Of all the teachers, he could trust her. She’d take care of the kids.
He knew this.
“And Kione needs to ask lots of questions. Answer them all, please,” he scanned the room for remaining valuables.
Sirens blared in the distance.
“I have to go. Please make sure-“
“Everyone knows it wasn’t you,” she touched his shoulder, “time to hit the road, Jack.”
“Humans,” he smiled, shaking his head.
But their laughter felt hollow.
He left, watching home shrink in his rear-view.
Same Words, Different Thoughts by Sue Spitulnik
It’s interesting how song lyrics can elicit different thoughts in different people.
Thad played the melody to “Hit the Road Jack” on the piano and sang the words as if trying to perfect the phrasing.
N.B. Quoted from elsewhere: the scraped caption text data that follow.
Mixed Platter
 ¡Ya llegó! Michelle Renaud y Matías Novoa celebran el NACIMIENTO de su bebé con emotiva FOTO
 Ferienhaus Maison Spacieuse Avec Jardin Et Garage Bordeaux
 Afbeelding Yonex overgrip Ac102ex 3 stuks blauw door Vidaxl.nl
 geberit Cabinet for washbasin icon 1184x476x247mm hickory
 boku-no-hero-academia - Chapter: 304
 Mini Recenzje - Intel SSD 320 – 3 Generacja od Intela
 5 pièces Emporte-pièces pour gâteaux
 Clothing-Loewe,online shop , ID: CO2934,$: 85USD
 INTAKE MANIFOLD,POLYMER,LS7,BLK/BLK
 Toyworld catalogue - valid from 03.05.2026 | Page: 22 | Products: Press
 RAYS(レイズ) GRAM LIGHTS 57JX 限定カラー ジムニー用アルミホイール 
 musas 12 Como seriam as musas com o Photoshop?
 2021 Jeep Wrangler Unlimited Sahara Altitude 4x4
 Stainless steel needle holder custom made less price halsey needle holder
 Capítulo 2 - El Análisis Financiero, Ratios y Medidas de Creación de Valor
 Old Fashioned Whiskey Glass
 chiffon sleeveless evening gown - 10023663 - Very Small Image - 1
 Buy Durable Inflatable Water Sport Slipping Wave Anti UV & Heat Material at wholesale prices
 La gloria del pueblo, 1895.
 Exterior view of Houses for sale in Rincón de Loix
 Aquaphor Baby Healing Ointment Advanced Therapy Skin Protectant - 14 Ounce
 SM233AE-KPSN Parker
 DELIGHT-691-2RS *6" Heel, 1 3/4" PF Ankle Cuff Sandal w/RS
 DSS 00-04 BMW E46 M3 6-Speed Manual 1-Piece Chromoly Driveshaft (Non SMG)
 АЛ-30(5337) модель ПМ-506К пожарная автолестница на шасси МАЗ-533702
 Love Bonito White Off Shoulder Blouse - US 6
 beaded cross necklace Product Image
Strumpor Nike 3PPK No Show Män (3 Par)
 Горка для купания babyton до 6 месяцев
Mac remembered being ushered out of his pregnant Vietnamese girlfriend’s house by her unrelenting angry father and said, “Son, the band will NOT be singing that song.”
Michael added, “I don’t care to sing that either. It brings up painful memories.”
Tessa kept her good memory to herself. She had enjoyed a look of shock from her ex when she said it to him.
Hapless Jack by D. Avery
Like a hapless fairy tale Jack he was always certain his luck would change, that things would work out for the better.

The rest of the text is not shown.